Alias, com o país envolvido na mais intensa crise social, política e militar em muitas décadas, com a fome a generalizar-se aos quatro cantos da Venezuela - país com cera de 32 milhões de habitantes - os analistas tendem a confluir na ideia de que nunca como agora estão reunidas as condições para deflagrar uma guerra civil no país e são cada vez mais estreitos os caminhos diplomáticos para a evitar, especialmente quando se sabe que os EUA estão por detrás a empurrar Juan Guaidó para um extremar de posições que podem, no limite, justificar uma intervenção militar.

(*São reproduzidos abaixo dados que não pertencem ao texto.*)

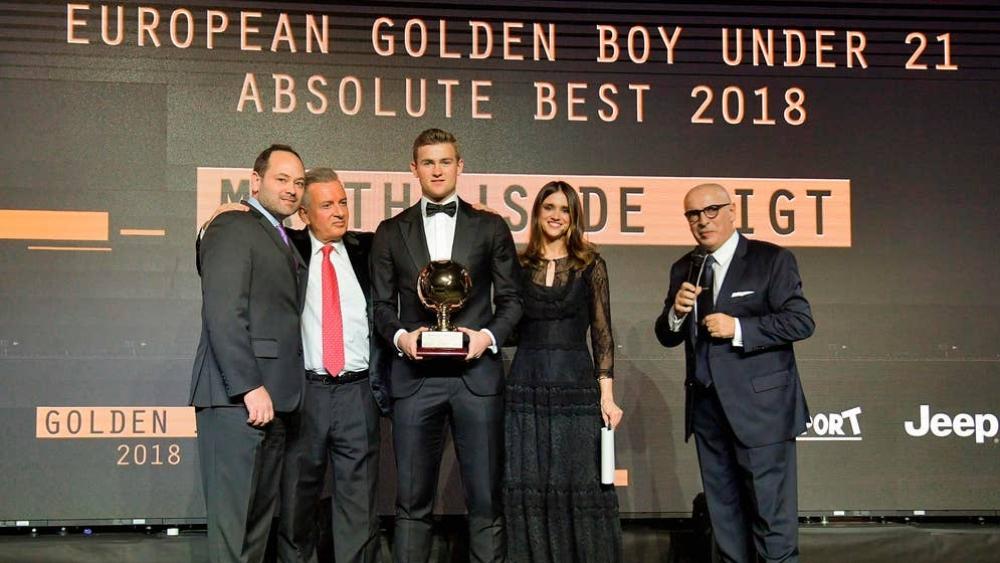 19 نجمًا ينافسون دي ليخت على جائزة الفتى الذهبي لعام 2019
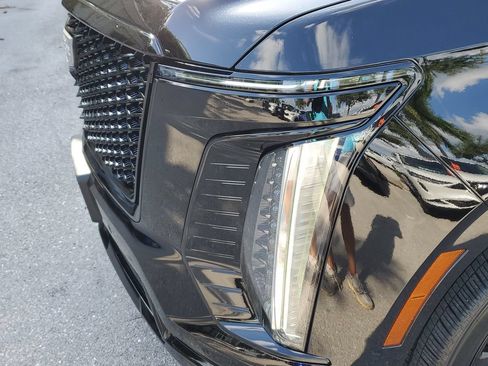 Used 2025 Cadillac Escalade Sport Platinum AWD/4WD image 12
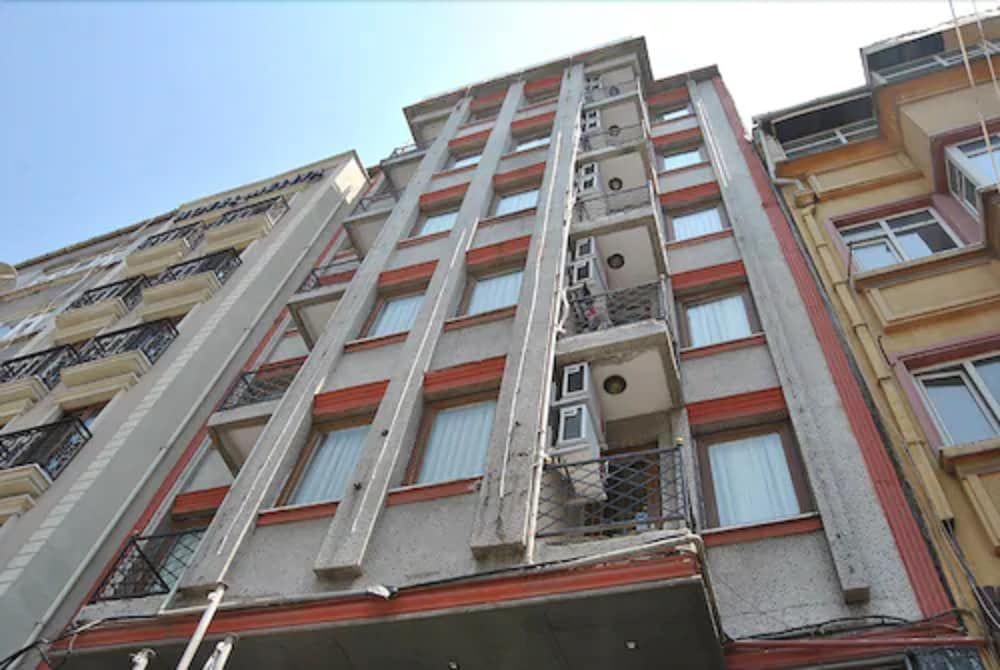 undefined Hotel Star Park 6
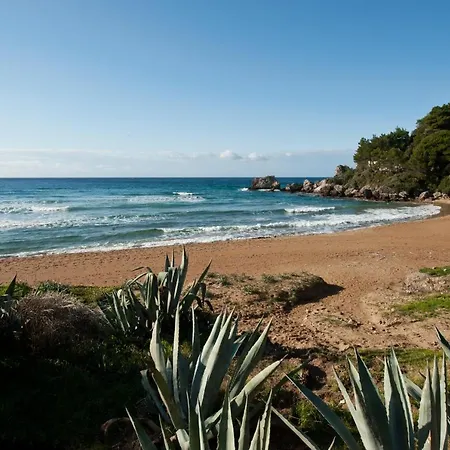 Aphrodite - Beachfront House - Recently Renovated 펜션 *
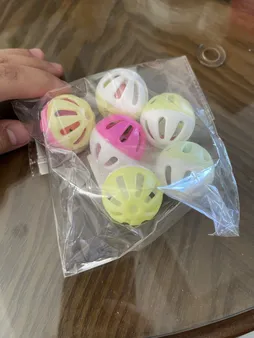 اسباب بازی گربه و سگ توپ زنگوله دار مدل Plastic Bell Balls بسته 6 عددی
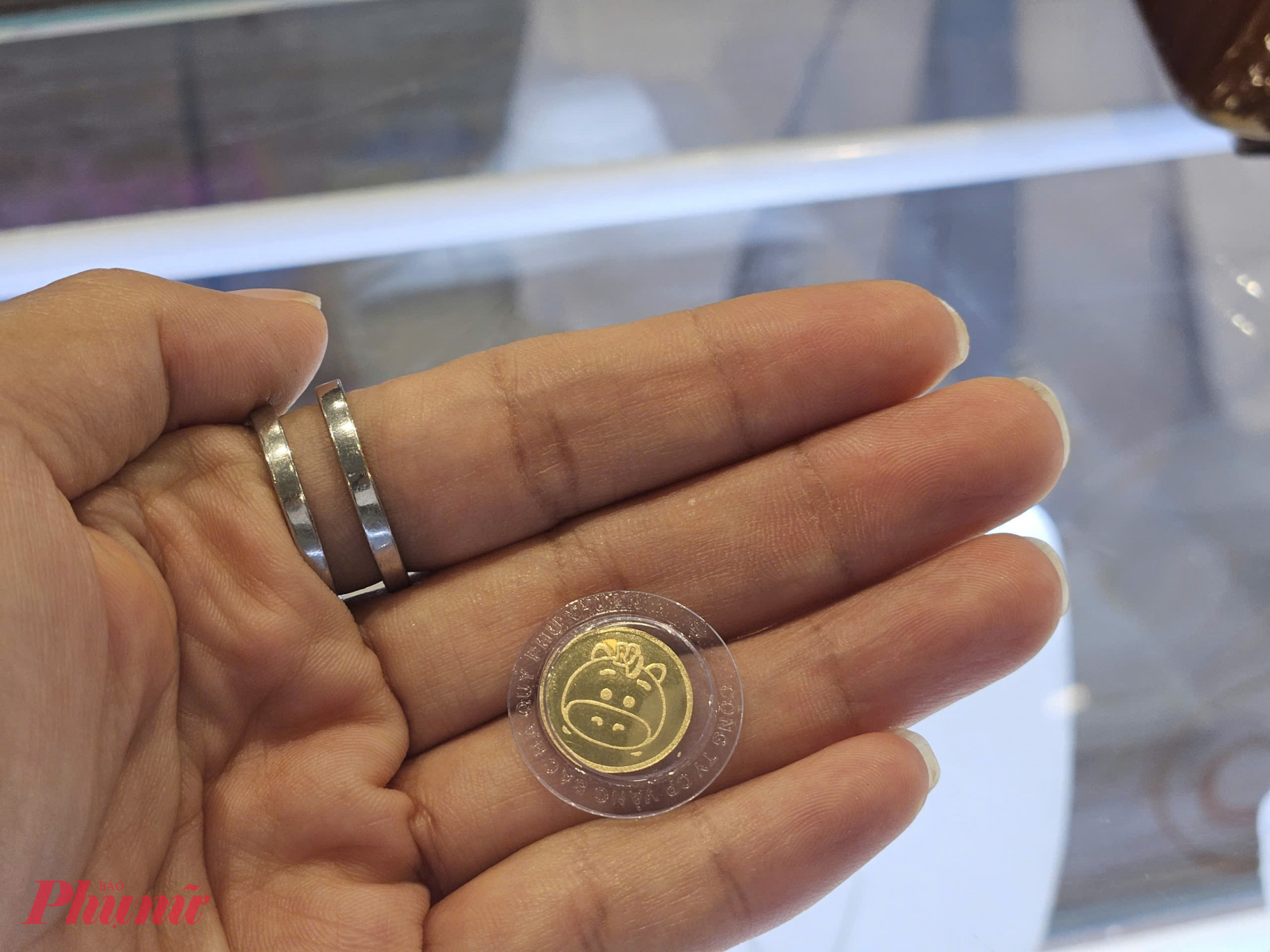 nhiều khách hàng tìm mua các mẫu vàng 0,1 chỉ và 0,2 chỉ 99,99%. Mức giá tương ứng khoảng 2,4 triệu đồng đối với 0,1 chỉ và khoảng 4,899 triệu đồng đối với 0,2 chỉ.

Maduro já disse e repetiu que os EUA pretendem "tomar conta" da Venezuela para poderem "deitar a mão" às suas reservas de petróleo, as maiores do mundo, e às toneladas de ouro que existem no subsolo do país, bem como uma lista avultada de outros minerais estratégicos.

Esta possibilidade é igualmente admitida por outros analistas que afirmam estarem os EUA a olhar para as reservas de petróleo venezuelanas para poderem controlar e, com elas, exercer pressão sobre a OPEP - organização a que a Venezuela pertence - de forma a puxar para baixo o valor do barril nos mercados internacionais, como o próprio Presidente Donald Trump diz amiúde ser um dos seus objectivos prioritários para defender a economia dos EUA e garantir combustíveis baratos para os híper-consumistas cidadãos do seu país.